Human Rights Developments
In its inaugural session from August 20 to 24, 1995, the parliament formally declared the Federal Democratic Republic of Ethiopia. The constitution divides the country into nine ethnically-based regions and gives each virtual autonomy in legislative, executive, and judicial matters. The constitution also provides each region the right to secede following a simple majority vote in a general referendum, subject to confirmation by a subsequent two-thirds majority vote in the regional legislature.
While some observers viewed these constitutional developments as offering a new model of ethnic accommodation, others accused the government of exposing the country to risks of fragmentation and political turmoil if the liberal constitutional provisions encouraged minorities to seek secession. The thrust of EPRDF policies has been the progressive devolution of powers to the ethnic groups or nationalities. Claiming that they have been left out of the political process during the TGE reign, the major opposition groups, including the Oromo Liberation Front (OLF), the All Amhara People's Organization (AAPO), and the Southern Coalition boycotted the May parliamentary elections. In part a result of this boycott, but also because the EPRDF was in control of all state institutions, the candidates of the EPRDF gained 483 out of the 548 seats in the Council of Representatives. Independent local observers noted that the actual voting in parliamentary elections was free and fair in a majority of cases they covered, although inconsistencies and irregularities were also registered. The final declared results indicated the virtual absence of the opposition in national and regional assemblies, a situation which raised concerns about how the opposition would be able to express its views.

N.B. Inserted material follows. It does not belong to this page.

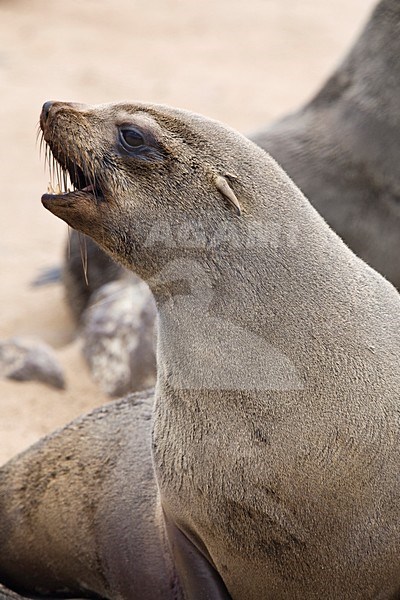 Kaapse pelsrob portrait, Cape Fur Seal portret stock-image by Agami/Wil Leurs,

Significant disagreements persisted between the government and various, mostly ethnically-based, opposition groups. A number of these continued to contest the legitimacy of the EPRDF and to claim that they were unfairly represented in the power structure. The opposition repeatedly complained about political harassment by police, local authorities, and security agents. While the government continued to deny these allegations, contending that it only clamps down on armed dissidents, reports published by independent local human rights groups and the local independent media indicated that the legal opposition suffered continuing abuses. Prime Minister Meles Zenawi told the parliament that he would form a human rights commission to investigate abuses.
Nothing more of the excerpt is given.